"She's a true saint."
That's a phrase you'll often hear in the church. It's usually said about an older member of the congregation, who has proven through years of faithful Christian practice that she really understands what it means to be a disciple of Jesus.
Such people are marked by the fruit of the Spirit -- love, joy, peace, patience, kindness, goodness, faithfulness, gentleness, and self-control (Galatians 5:22). They are proof that grace really can transform a person, conquering sin and restoring the image of God in the soul.
John Wesley was fascinated by examples of living saints. As a missionary pastor in Georgia, he met one such saint and later wrote about him in his Journal. When Wesley met Henry Lascelles in 1736, he was dying. Wesley was astounded to note Mr. Lascelles' complete serenity and peace.

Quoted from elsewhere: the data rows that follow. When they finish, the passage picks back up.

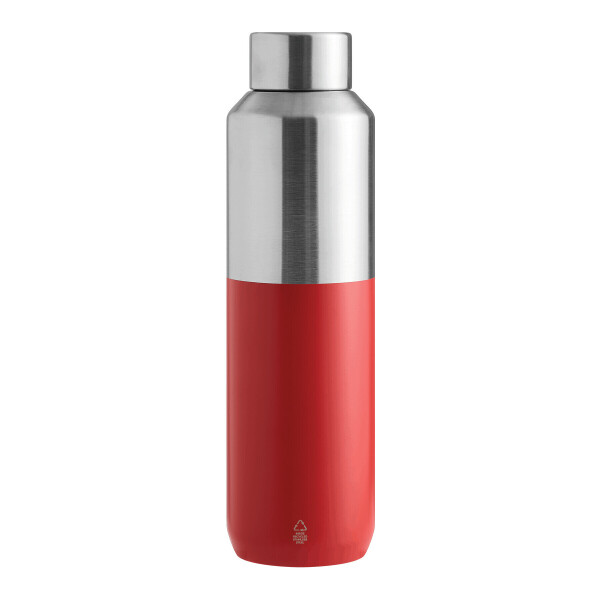 Vákuová fľaša na pitie STEECO, 600 ml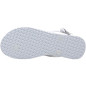 Sandały damskie Puma Cozy Sandal Wns białe 375213 03 Sandały damskie Puma Cozy Sandal Wns białe 375213 03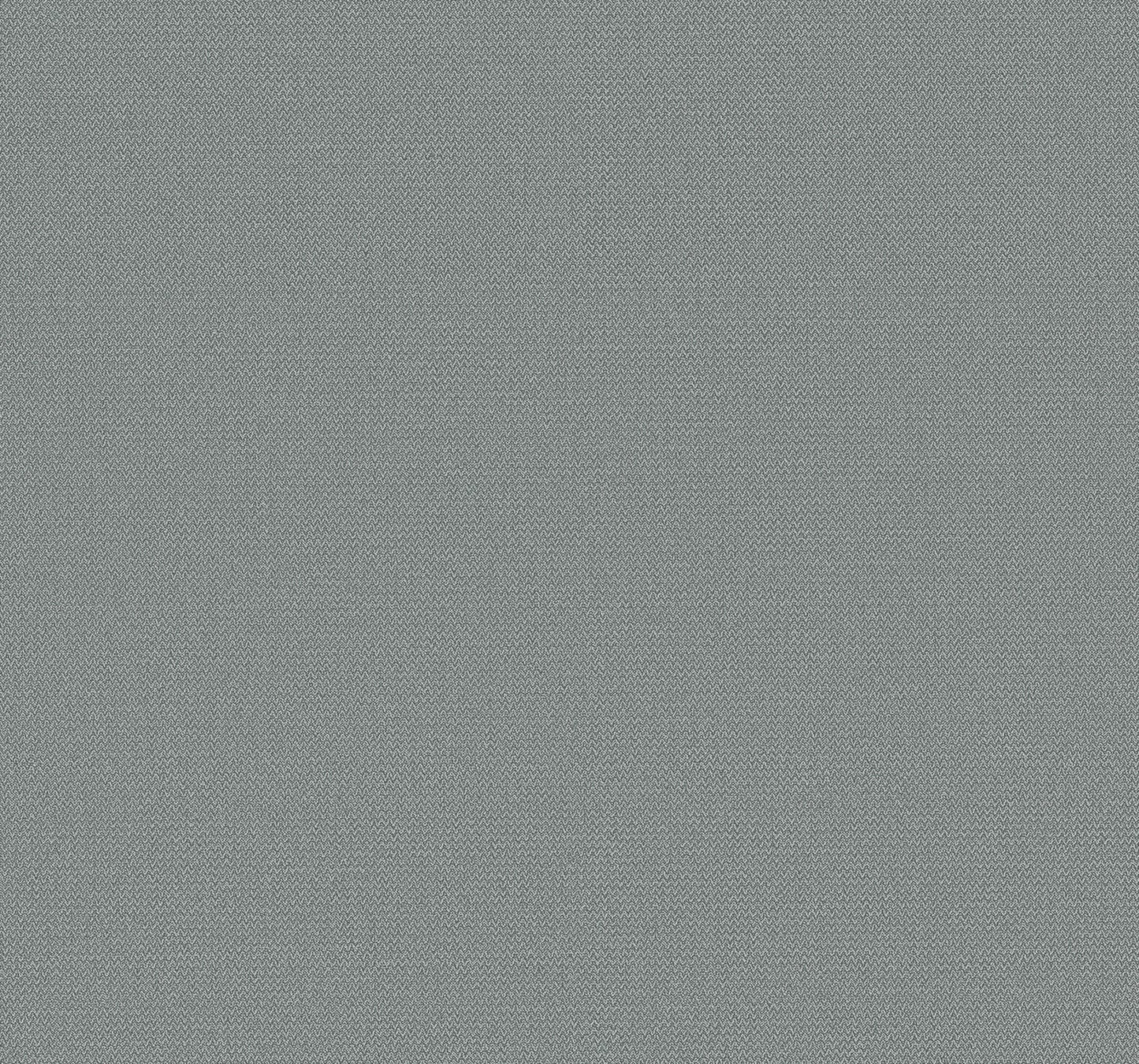 York Wallcoverings Missoni Chevronette Grey Wallpaper  Textures Greys   - MI10363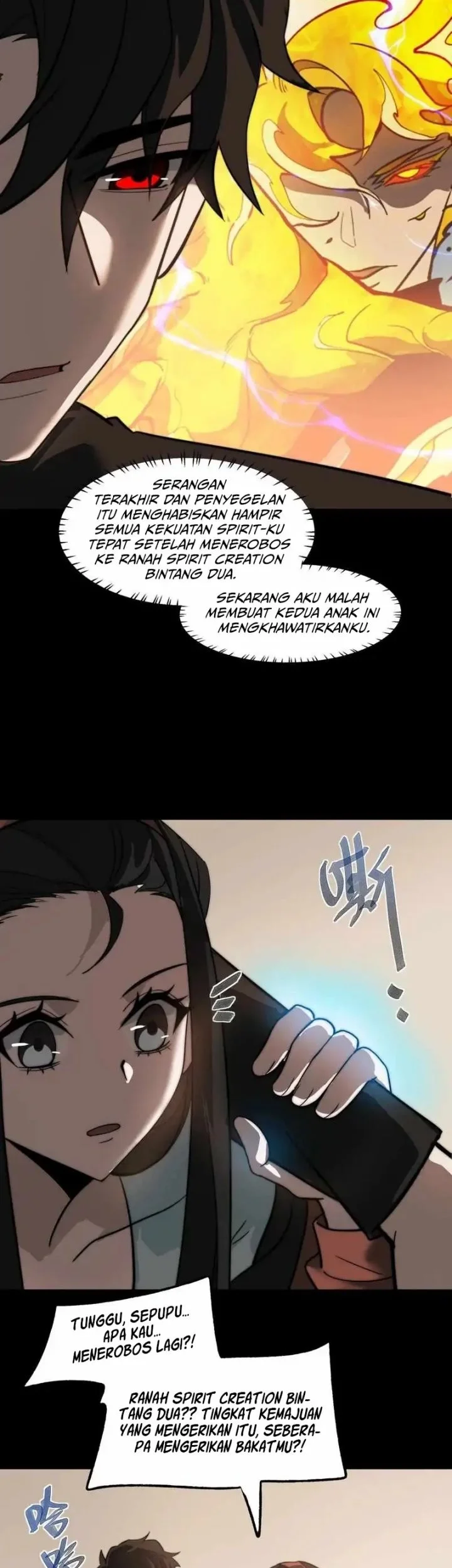 Halaman 75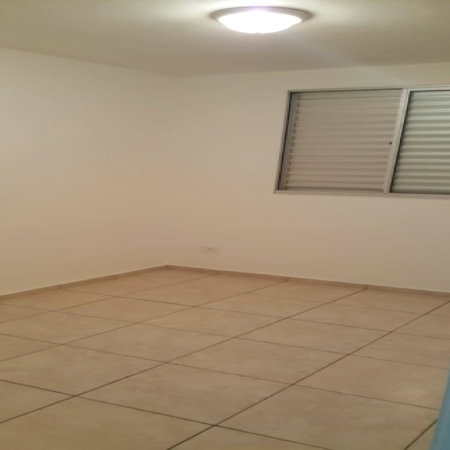 Apartamento à venda com 3 quartos em BUTANTÃ, São Paulo, SP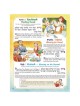 The Artscroll Children's Haggadah - Paperback | Passover | Judaica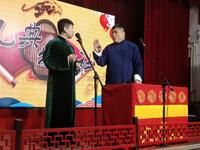 学哑语下载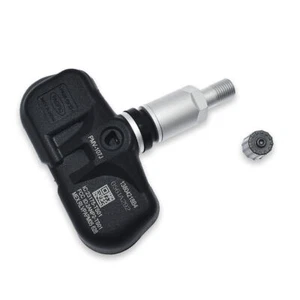 NEW TPMS PMV-107J 42607-33021 Tire Pressure Sensors For Scion Toyota Lexus - Picture 1 of 9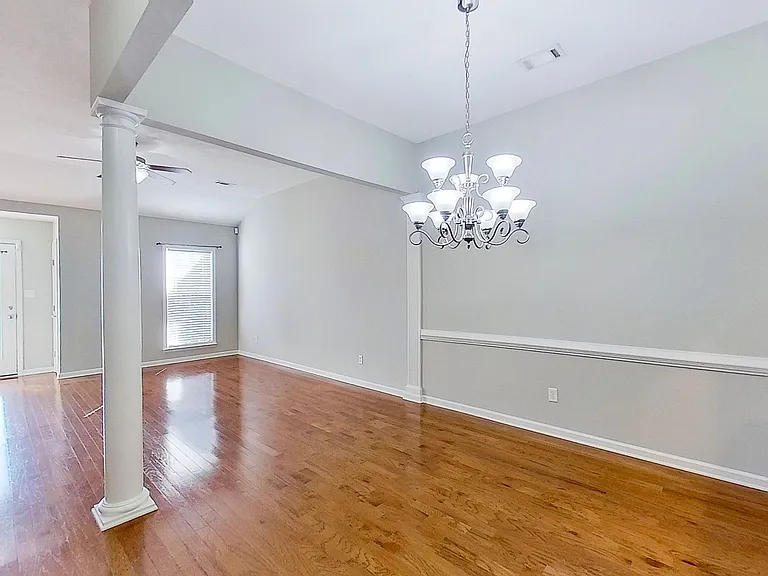 729 Whispering Willow Way — Photo 5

Wesley writes, "After praying with him I was surprised to find one of the most controverted questions in divinity, disinterested love, decided at once by a poor, old man without education or learning, or any instructor but the Spirit of God. I asked him what he thought of paradise -- to which he had said he was going. He said, 'To be sure, it is a fine place. But I don't mind that. I don't care what place I am in. Let God put me where he will, or do with me what he will, so I may but set forth his honour and glory.'"
Wesley later found that pointing to examples of saints could be a useful way to help spur the Methodists on to receive God's grace for themselves. In his famous book,A Plain Account of Christian Perfection, Wesley tells the story of a Methodist woman named Jane Cooper. In telling the story of her death, Wesley calls her "a living and a dying witness of Christian perfection." He describes the way in which Ms. Cooper was buffeted by the full assurance of her salvation, even as she lay painfully dying of smallpox. Regardless of her situation, she knew Jesus' love for her and gave her full trust to God. Wesley presents her as an example for other Christians.
People like Henry Lascelles and Jane Cooper are all around us today. While it is true that the full extent of their faith is most noticeable around the time of death, such faith is also present in life -- usually in the quiet, unassuming way that living saints go about their daily discipleship.
Watching for the living saints among us can help us in our own faith journeys. They know something in their souls that we are all trying to learn. Their gift to us is that, in reflecting the light of Jesus so clearly to others, they give us a chance to receive it for ourselves.